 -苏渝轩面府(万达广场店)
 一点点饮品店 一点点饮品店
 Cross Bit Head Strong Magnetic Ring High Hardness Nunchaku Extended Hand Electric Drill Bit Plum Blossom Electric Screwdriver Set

Exercise objective:
What is needed here is the full listing, restated word for word.

Written response:
 -苏渝轩面府(万达广场店)
 一点点饮品店 一点点饮品店
 Cross Bit Head Strong Magnetic Ring High Hardness Nunchaku Extended Hand Electric Drill Bit Plum Blossom Electric Screwdriver Set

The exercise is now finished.